[Problem to work on]
The following data has a line with "slide 1 of 1, CVS" and a line with "Blueprint Porsche 908". Write out exactly those lines and all the lines between them.

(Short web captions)
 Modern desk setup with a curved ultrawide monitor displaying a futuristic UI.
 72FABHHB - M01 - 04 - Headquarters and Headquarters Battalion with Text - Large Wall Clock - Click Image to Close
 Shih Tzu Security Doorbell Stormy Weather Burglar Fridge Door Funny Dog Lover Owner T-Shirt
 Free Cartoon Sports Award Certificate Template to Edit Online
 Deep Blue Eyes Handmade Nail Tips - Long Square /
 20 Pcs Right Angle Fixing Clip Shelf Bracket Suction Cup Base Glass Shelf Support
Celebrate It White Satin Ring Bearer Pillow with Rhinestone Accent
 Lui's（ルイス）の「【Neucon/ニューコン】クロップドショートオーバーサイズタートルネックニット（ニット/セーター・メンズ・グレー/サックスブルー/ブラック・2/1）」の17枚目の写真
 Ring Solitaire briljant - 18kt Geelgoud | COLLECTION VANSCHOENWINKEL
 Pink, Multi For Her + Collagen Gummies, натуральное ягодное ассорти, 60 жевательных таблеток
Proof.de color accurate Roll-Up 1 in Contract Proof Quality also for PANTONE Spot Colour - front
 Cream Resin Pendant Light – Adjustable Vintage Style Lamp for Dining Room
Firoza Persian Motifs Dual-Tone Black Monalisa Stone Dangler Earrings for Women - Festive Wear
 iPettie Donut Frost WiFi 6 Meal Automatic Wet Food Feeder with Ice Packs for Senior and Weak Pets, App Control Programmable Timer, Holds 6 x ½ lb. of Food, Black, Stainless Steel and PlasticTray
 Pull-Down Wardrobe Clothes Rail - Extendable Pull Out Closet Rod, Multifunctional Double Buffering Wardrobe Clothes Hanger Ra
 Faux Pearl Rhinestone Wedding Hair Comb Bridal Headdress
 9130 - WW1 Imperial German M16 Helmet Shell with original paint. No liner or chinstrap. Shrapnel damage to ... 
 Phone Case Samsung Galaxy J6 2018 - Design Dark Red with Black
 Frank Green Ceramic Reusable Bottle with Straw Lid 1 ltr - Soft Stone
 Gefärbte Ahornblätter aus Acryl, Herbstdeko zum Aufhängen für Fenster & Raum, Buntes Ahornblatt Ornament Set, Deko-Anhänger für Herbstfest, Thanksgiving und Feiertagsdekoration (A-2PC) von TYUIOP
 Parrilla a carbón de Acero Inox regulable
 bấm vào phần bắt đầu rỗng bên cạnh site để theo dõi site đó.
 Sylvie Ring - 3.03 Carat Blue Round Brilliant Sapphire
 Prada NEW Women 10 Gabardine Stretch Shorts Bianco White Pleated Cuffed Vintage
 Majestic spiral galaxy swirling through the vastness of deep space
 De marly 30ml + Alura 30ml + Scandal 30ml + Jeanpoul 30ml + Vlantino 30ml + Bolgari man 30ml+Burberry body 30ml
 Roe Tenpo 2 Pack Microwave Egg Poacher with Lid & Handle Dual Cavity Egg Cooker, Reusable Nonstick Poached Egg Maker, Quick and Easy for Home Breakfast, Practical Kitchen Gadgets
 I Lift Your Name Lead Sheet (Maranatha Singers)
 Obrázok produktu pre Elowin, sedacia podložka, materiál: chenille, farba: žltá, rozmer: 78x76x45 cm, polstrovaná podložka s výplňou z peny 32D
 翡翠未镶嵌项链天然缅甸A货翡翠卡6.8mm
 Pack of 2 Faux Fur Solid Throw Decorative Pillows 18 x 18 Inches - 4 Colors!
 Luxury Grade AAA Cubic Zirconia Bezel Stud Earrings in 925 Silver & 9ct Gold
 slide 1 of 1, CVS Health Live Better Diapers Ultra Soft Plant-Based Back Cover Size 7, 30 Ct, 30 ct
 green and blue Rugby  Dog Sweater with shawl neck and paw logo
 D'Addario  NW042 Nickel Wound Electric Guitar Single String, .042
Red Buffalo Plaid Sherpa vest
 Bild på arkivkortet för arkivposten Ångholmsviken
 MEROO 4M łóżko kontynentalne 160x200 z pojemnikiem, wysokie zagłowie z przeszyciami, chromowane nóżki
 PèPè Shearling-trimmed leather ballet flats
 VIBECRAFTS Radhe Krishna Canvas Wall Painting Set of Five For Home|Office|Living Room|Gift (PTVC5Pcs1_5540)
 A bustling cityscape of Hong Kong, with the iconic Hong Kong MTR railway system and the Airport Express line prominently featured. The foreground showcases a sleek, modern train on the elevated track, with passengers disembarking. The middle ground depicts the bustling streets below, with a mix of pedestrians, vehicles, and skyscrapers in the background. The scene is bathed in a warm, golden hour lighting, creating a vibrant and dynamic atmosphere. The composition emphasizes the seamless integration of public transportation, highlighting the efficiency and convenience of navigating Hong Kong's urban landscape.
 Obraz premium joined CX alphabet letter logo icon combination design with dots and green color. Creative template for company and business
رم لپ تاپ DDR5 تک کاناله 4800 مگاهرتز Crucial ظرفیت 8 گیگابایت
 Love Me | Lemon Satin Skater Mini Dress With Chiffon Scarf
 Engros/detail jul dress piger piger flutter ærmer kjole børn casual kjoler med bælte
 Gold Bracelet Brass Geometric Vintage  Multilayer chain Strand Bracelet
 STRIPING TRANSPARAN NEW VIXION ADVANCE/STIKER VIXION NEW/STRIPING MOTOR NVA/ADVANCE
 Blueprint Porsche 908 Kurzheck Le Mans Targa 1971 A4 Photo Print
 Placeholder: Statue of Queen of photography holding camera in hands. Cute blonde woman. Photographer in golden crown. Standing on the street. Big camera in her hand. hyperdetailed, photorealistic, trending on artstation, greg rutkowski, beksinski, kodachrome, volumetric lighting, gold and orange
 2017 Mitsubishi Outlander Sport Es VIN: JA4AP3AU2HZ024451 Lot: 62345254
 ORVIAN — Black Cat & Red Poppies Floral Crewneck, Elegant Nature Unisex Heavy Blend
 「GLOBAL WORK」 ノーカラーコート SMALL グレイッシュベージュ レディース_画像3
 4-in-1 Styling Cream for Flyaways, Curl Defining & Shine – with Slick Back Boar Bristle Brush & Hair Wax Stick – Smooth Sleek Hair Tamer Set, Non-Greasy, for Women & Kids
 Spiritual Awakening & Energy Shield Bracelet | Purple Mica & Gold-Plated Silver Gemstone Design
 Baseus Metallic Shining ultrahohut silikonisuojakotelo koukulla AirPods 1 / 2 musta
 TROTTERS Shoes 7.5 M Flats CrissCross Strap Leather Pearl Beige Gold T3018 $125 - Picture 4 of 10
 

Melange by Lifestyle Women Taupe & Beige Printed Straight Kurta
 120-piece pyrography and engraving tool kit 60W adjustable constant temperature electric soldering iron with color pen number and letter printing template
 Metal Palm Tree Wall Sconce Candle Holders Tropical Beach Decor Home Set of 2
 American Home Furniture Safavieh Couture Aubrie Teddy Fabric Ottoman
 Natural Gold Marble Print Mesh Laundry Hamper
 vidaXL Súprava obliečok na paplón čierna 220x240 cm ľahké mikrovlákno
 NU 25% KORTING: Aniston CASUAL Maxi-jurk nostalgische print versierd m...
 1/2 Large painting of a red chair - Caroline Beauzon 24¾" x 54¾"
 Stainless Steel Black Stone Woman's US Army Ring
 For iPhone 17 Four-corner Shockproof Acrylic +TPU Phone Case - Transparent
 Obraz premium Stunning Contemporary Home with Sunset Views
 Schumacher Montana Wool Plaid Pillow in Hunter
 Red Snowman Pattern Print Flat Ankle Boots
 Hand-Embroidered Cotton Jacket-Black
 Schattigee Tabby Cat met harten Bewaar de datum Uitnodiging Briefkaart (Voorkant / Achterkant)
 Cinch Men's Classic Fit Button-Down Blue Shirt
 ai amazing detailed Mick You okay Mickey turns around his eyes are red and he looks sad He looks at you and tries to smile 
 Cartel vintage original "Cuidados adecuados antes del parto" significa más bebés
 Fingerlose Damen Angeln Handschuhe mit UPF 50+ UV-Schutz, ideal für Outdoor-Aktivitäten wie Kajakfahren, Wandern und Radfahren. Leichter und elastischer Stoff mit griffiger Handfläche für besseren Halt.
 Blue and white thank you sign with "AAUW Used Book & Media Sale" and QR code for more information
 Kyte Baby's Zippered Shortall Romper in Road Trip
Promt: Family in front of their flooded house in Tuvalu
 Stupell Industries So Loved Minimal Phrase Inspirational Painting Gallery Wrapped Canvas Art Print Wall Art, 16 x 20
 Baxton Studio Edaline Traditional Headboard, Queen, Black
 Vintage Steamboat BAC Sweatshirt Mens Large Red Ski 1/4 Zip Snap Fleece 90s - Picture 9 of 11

[Answer to this problem]
 slide 1 of 1, CVS Health Live Better Diapers Ultra Soft Plant-Based Back Cover Size 7, 30 Ct, 30 ct
 green and blue Rugby  Dog Sweater with shawl neck and paw logo
 D'Addario  NW042 Nickel Wound Electric Guitar Single String, .042
Red Buffalo Plaid Sherpa vest
 Bild på arkivkortet för arkivposten Ångholmsviken
 MEROO 4M łóżko kontynentalne 160x200 z pojemnikiem, wysokie zagłowie z przeszyciami, chromowane nóżki
 PèPè Shearling-trimmed leather ballet flats
 VIBECRAFTS Radhe Krishna Canvas Wall Painting Set of Five For Home|Office|Living Room|Gift (PTVC5Pcs1_5540)
 A bustling cityscape of Hong Kong, with the iconic Hong Kong MTR railway system and the Airport Express line prominently featured. The foreground showcases a sleek, modern train on the elevated track, with passengers disembarking. The middle ground depicts the bustling streets below, with a mix of pedestrians, vehicles, and skyscrapers in the background. The scene is bathed in a warm, golden hour lighting, creating a vibrant and dynamic atmosphere. The composition emphasizes the seamless integration of public transportation, highlighting the efficiency and convenience of navigating Hong Kong's urban landscape.
 Obraz premium joined CX alphabet letter logo icon combination design with dots and green color. Creative template for company and business
رم لپ تاپ DDR5 تک کاناله 4800 مگاهرتز Crucial ظرفیت 8 گیگابایت
 Love Me | Lemon Satin Skater Mini Dress With Chiffon Scarf
 Engros/detail jul dress piger piger flutter ærmer kjole børn casual kjoler med bælte
 Gold Bracelet Brass Geometric Vintage  Multilayer chain Strand Bracelet
 STRIPING TRANSPARAN NEW VIXION ADVANCE/STIKER VIXION NEW/STRIPING MOTOR NVA/ADVANCE
 Blueprint Porsche 908 Kurzheck Le Mans Targa 1971 A4 Photo Print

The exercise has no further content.